Témoignages - 7 mars 2017

fr - RDCongo-Kivu. Témoignage d’une expérience de déplacés permanents


Être déplacé de guerre, voilà une triste réalité de vie que nous menons avec les habitants de la Région de l’Est du Kivu depuis des nombreuses années. Plus particulièrement à Beni, où nous sommes en mission depuis plus de 80 ans ; aujourd’hui il est un fait indéniable que la population vit dans un climat continuel de guerre et d’insécurité. Les cultivateurs ne peuvent plus se rendre dans leurs champs et s’ils le font, ils y sont tués ; Les produits s’abîment sans pouvoir être récoltés. Tout est imprévisible. Tout peut changer vite et à tout moment.


Pendant la période d’un calme apparent, la vie reprend timidement, les gens vont au travail, au marché, à l’école… et puis tout d’un coup arrive l’information d’un nouveau massacre !Et ceci en pleine activité en plein jour, ou durant la nuit alors qu’on n’avait un moindre soupçon.


Vous pouvez vous imaginer la débande de la course dans tous les sens. Malheureusement, plusieurs fois, des personnes vulnérables comme les femmes enceintes, les enfants, les personnes âgées, les malades sans défense sont les plus ciblés…


Chaque jour, chaque année, que des nombreux innocents payent de leur vie. Nos villages sont devenus des casernes des bandits, et les villes saturées sont devenus des sites d’accueil des personnes déplacées qui vivent sans assistance et dorment à même le sol sur des bâches, certains à l’extérieur, d’autres encore dans les salles de classes et les églises.


Cette situation perturbe et affecte énormément notre vie quotidienne ainsi que les institutions en place. Les écoles fermées, nos enfants restent souvent sans activités scolaires. Et lors de la reprise des cours, la moitié ne revient plus car les parents sont dans l’impossibilité de trouver les frais scolaires. Où pourront –ils trouver cet argent si leurs champs ne sont plus accessibles ?

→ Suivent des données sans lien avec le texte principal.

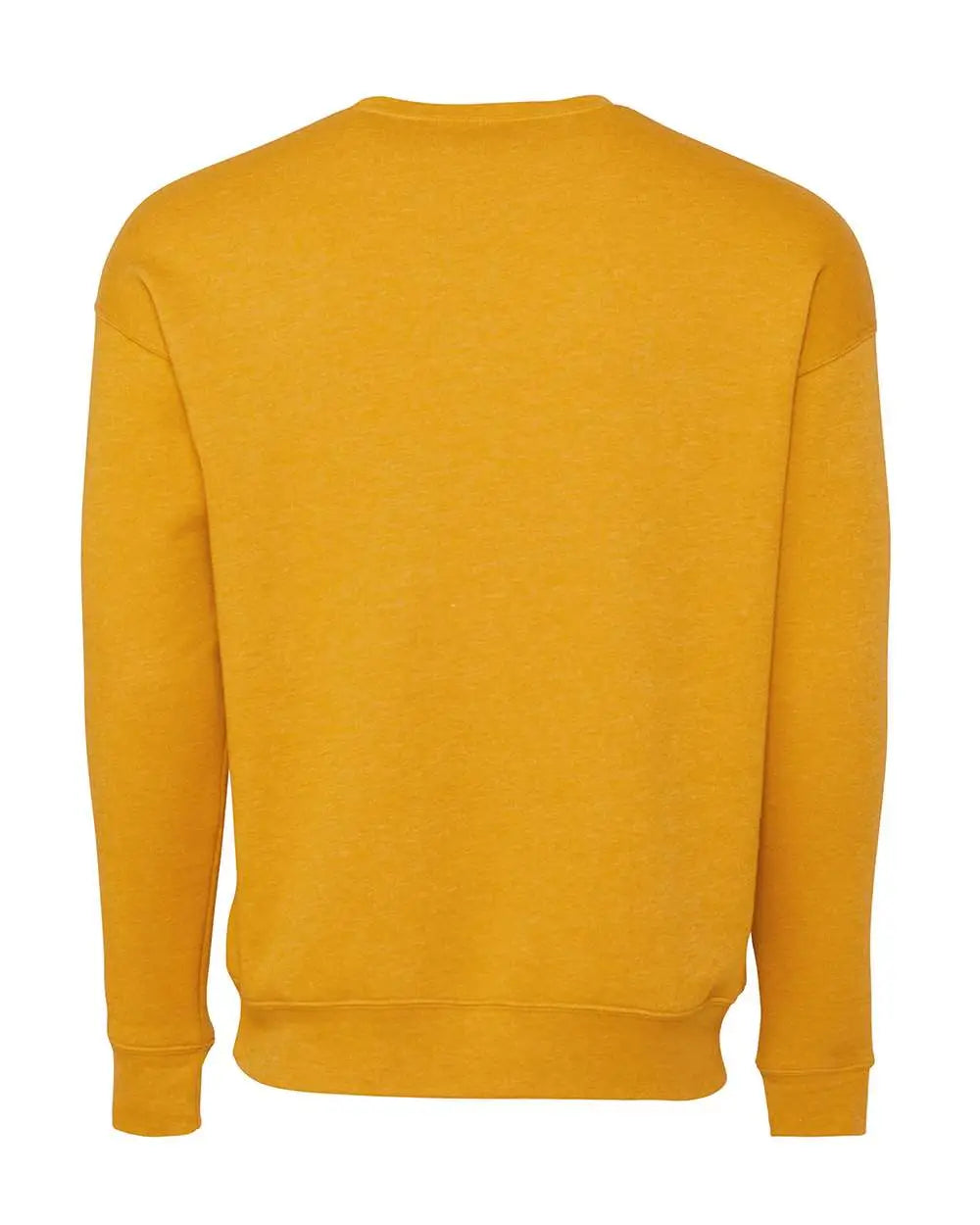 Bella + Canvas 3945 Sponge Fleece Drop Shoulder Crewneck Sweatshirt - Heather Mustard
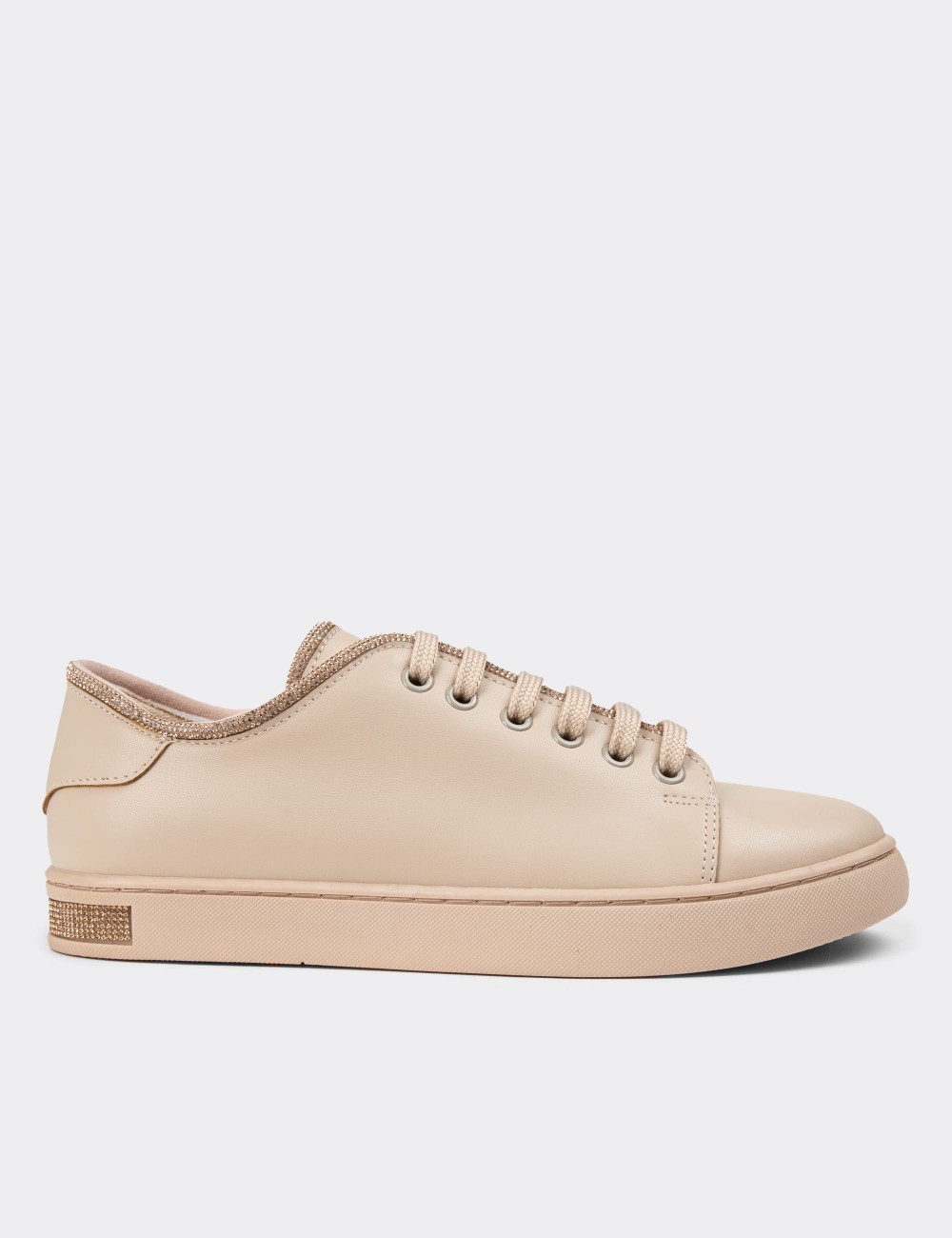 Beige Sneakers - K0600ZBEJC01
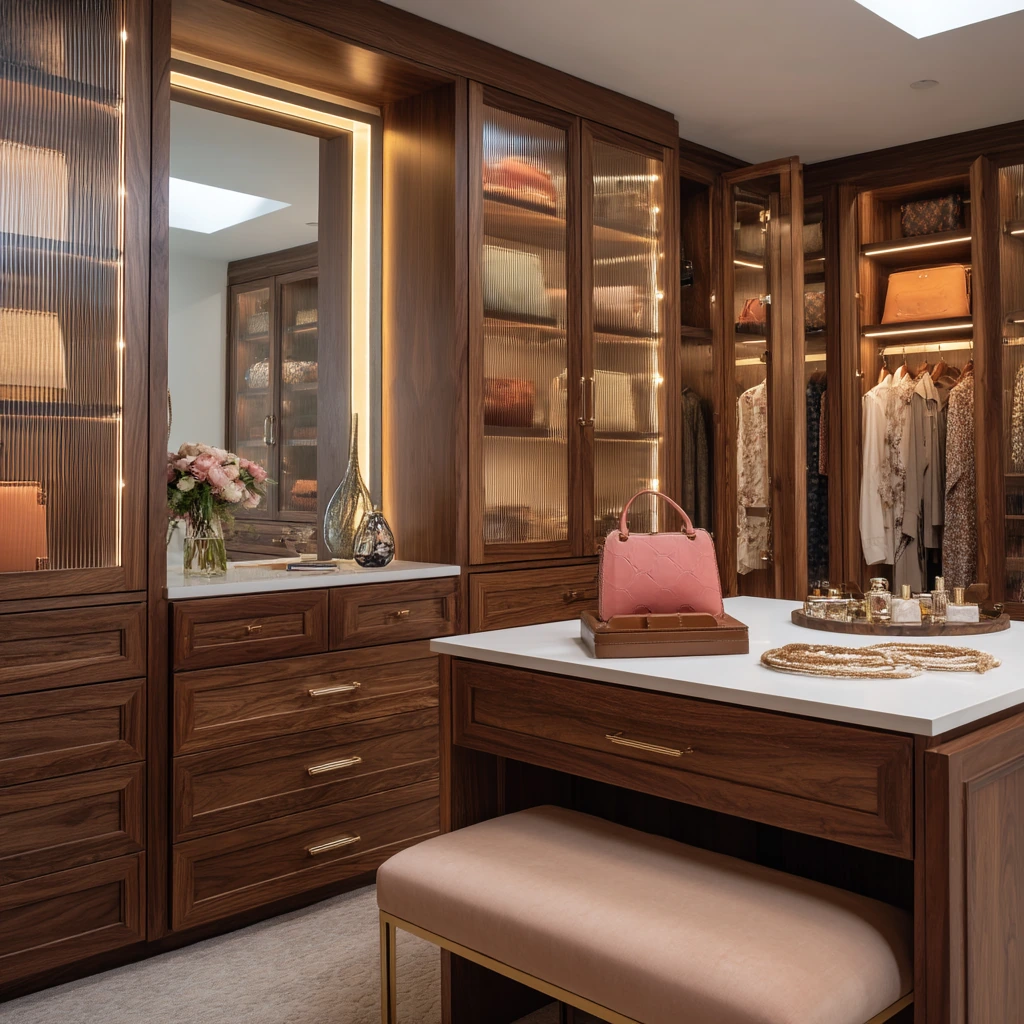 Luxury Primary Closet with Morning Dressing Ritual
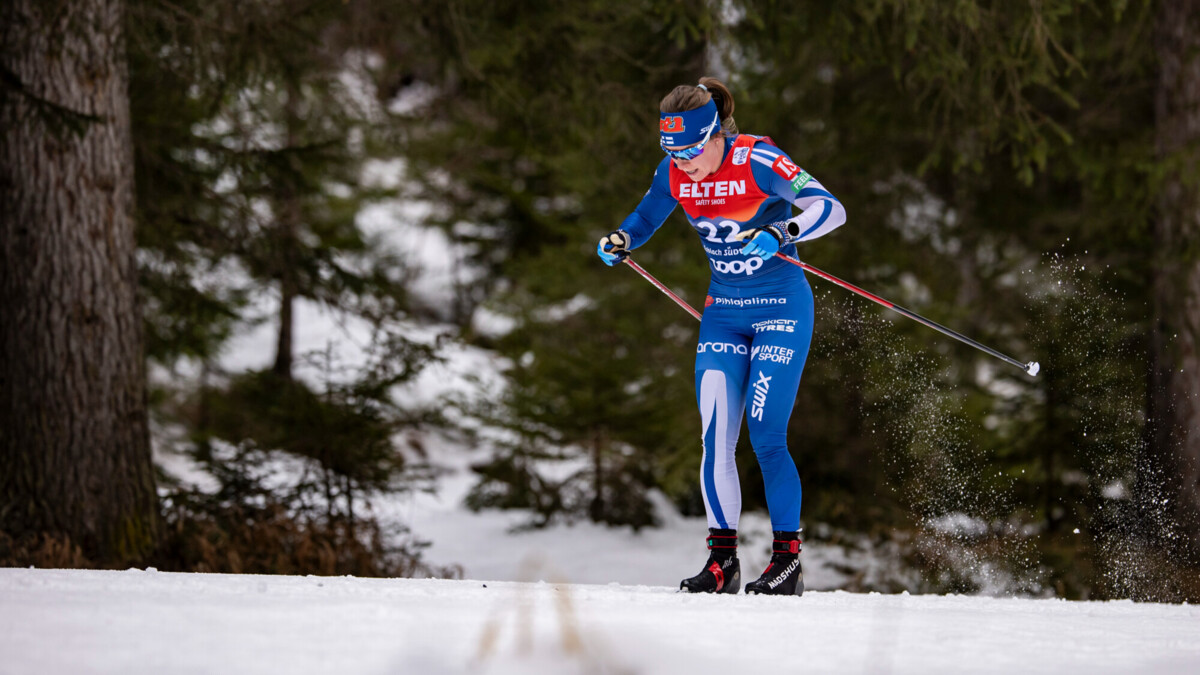 Лыжница Пармакоски выиграла индивидуальную гонку на 20 км на этапе Кубка мира в Лахти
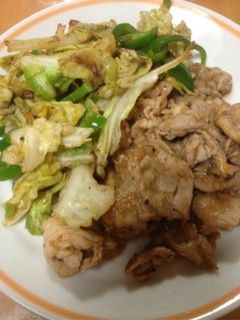 さっぱり梅ポン焼きと野菜炒め-レシピのメイン写真
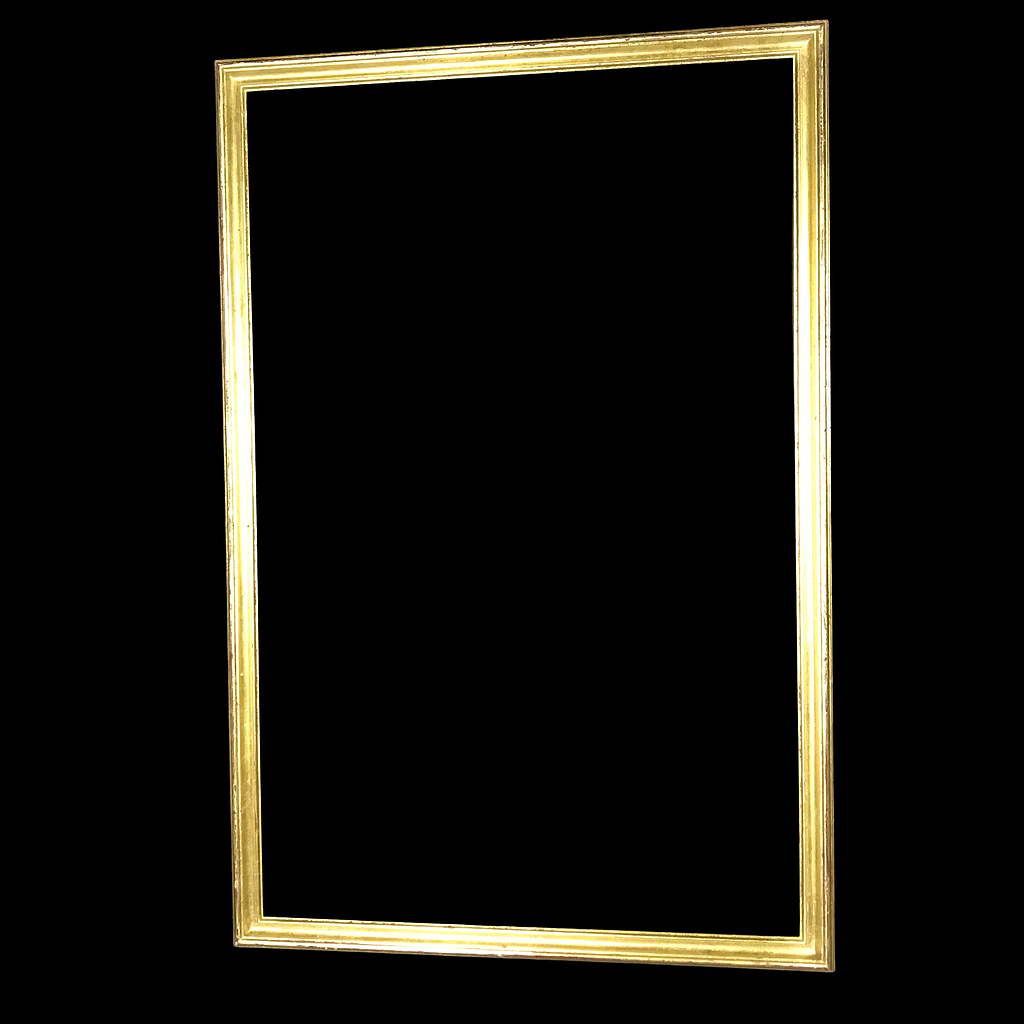 schlichter, goldener Rahmen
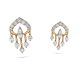 Stunning Floral Diamond Earring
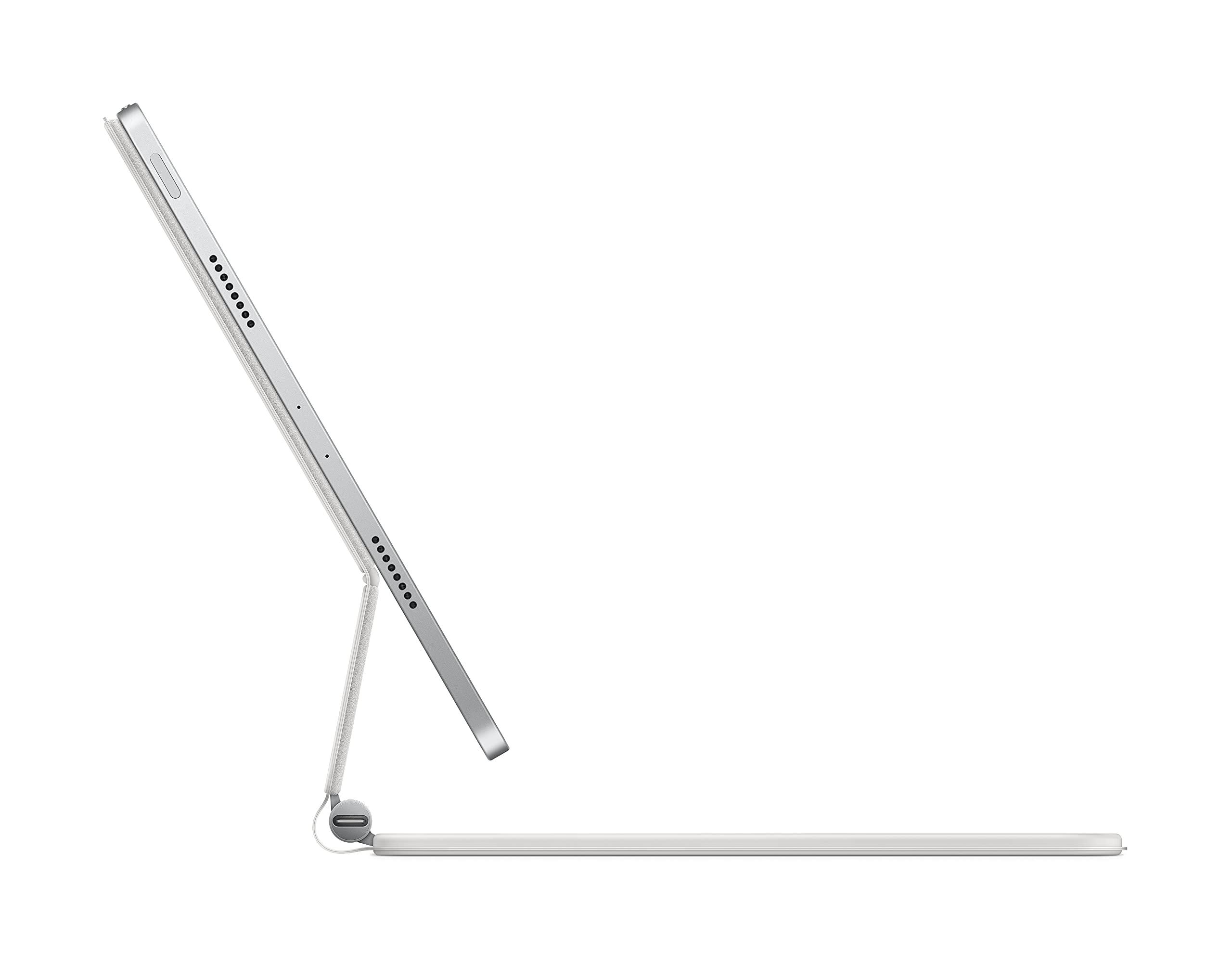 Apple Apple Magic Keyboard: iPad Keyboard case for iPad Pro 11-inch (1st, 2nd, 3rd, 4th gen) and iPad Air (4th, 5th gen, and M2), Great Typing Experience, Built-in trackpad, US English - White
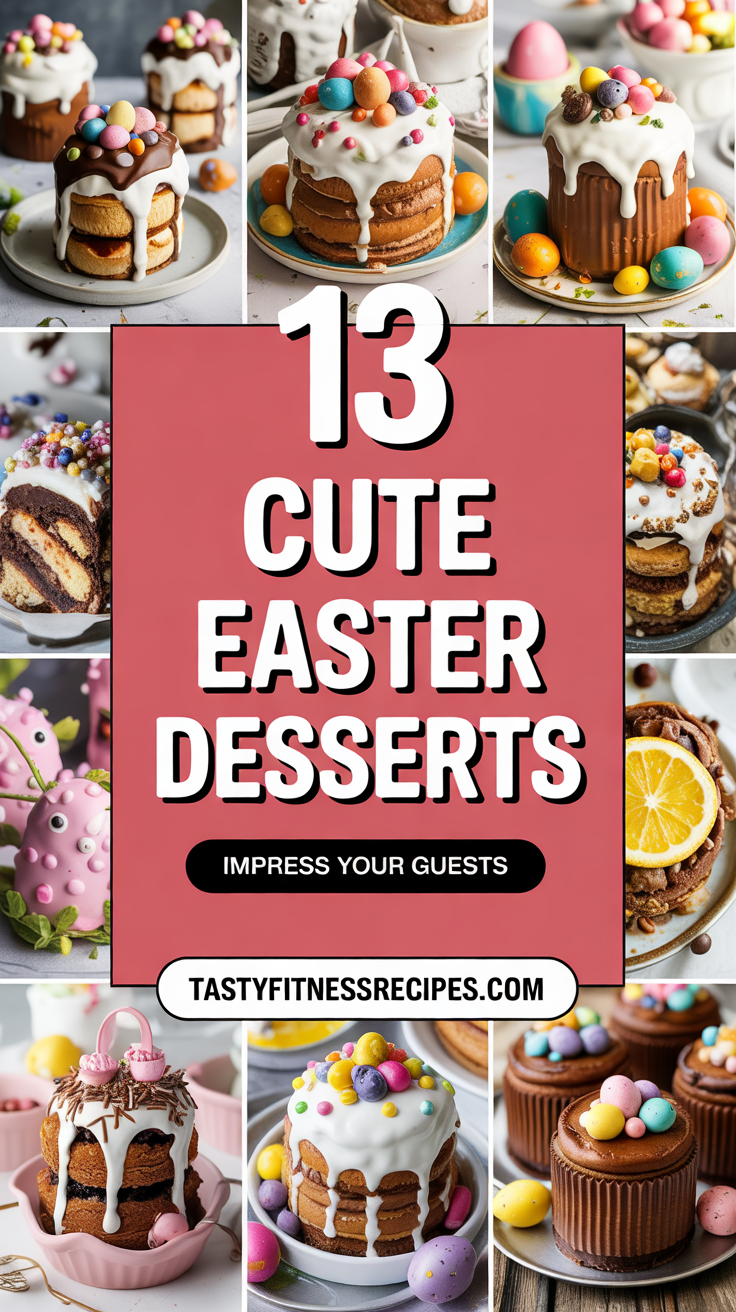 Easy Cute Easter Desserts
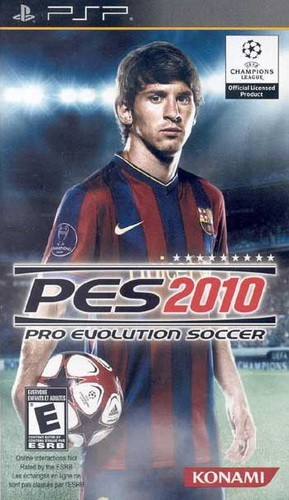 Pro Evolution Soccer 2010 box art for PSP
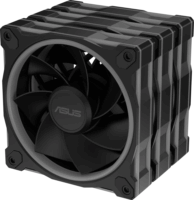 Asus MR120 Prime Reverse 120mm PWM ARGB Rendszerhűtő ventilátor 3db - Fekete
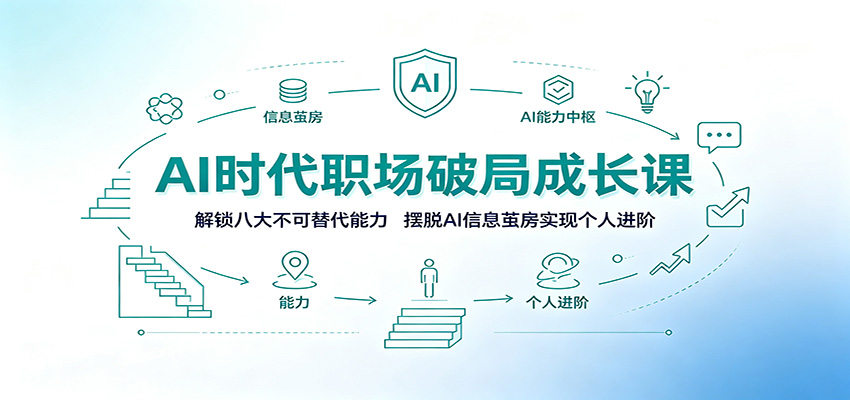 AI时代职场破局成长课:解锁八大不可替代能力,摆脱AI信息茧房实现个人进阶 AI时代职场破局成长课:解锁八大不可替代能力,摆脱AI信息茧房实现个人进阶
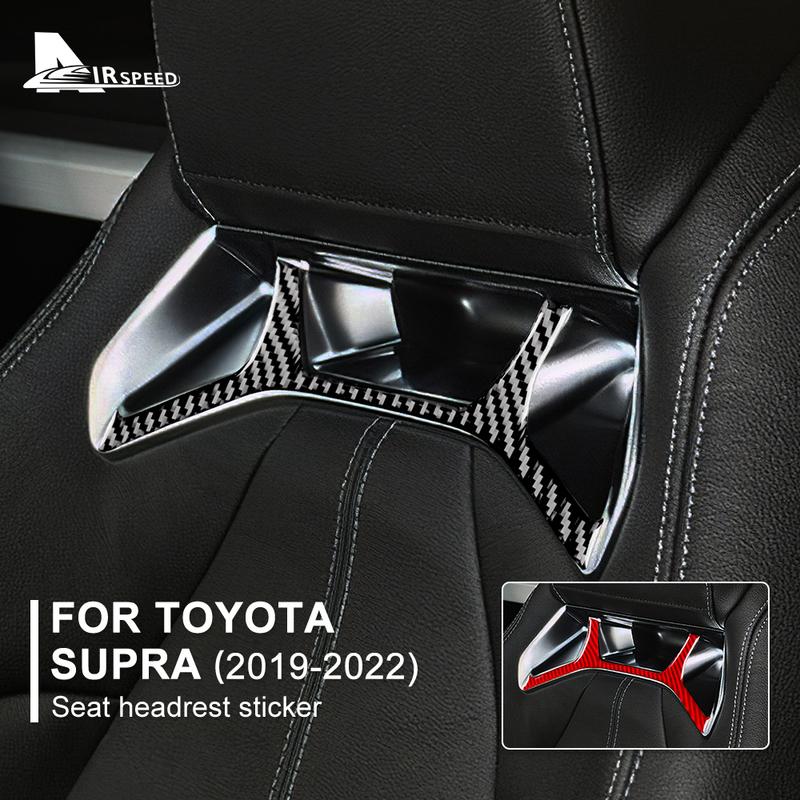 Real Soft Carbon Fiber Sticker For Toyota Supra GR A90 A91 MK5 2024 2025 Car Seat Headrest Accessories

Quelques fois fermeture momentanée de nos centres de santé insécurisés, en gardant le soin minimum de la journée. Que de fois nous avons orientée les mamans enceintes vers la ville, car la nuit nous devrions aussi quitter le lieu et donc impossible d’effectuer la garde des malades Partageant la vie de notre peuple, nous nous sommes déplacées plusieurs fois, ayant en charge nos enfants orphelins. Nous avons bénéficié de l’accueil et du partage de nos communautés. Mais les conditions de vie de nos populations est déplorable.


Comment continuer à survivre quand on est toujours exposé aux exactions des hommes armés ? Comment se nourrir quand les champs que l’on cultive sont devenus des lieux de massacres ? L’arrêt des activités scolaires des enfants, le manque d’accès aux soins devenus monnaie courante, pire encore le manque de nourriture conduit la majorité des déplacés dans un état de malnutrition sévère. Et cela se solde par des taux de mortalités importants. Autrement, si l’on ne meurt pas par le massacre, on finit par succomber à la famine.


Ce déplacement régulier des populations, n’est-ce pas une autre forme de massacre, quand on vit sans éducation, sans soins ?


Heureusement qu’il y a quelques semeurs d’espérance : Les Communautés Ecclésiales Vivantes de Base, chrétiens et toute personne de bonne volonté et la Caritas diocésaine se sont constituées en canal de solidarité pour des actions ponctuelles d’offrande de nourriture et d’habits et des soins. Au-delà de ces actions, il y a des besoins urgents d’assistance psychologique et spirituelle aux nombreuses populations qui sont réellement traumatisés par les tueries répétitives, les saccages des maisons et viols des femmes.


Actuellement nous rencontrons des personnes incapables de réfléchir sur quoi que ce soit, suite aux drames vécus, nous offrons l’accueil et l’écoute, les soins selon nos possibilités mais souvent nous nous sentons démunis face aux blessures exprimées. C’est avec ces réalités que nous sommes en marche avec le Christ durant ce carême. Nous lui confions tout le présent et l’avenir. Et nous invitons ceux qui le peuvent de nos collaborateurs éducateurs et soignants d’entrer dans cette démarche, et d’offrir cette espace de parole et de prière, de secours matériel à nos voisins meurtris.


A la lecture de ce témoignage, vous pourrez vous demander : comment est-ce possible de tenir la mission dans ces conditions ? Cela est très difficile, surtout que la complexité s’aggrave au jour le jour. Mais soutenues par la foi éprouvée et la prière continue de la population meurtrie qui nous entoure, soutenue également par votre chaîne de prières en Eglise, nous nous sentons fortifiées et nous pouvons alors chaque matin mettre la main à la charrue, « avec le Christ et en compagnie de la Vierge Marie ».


Vos sœurs Oblates de l’Assomption. Mission de Beni.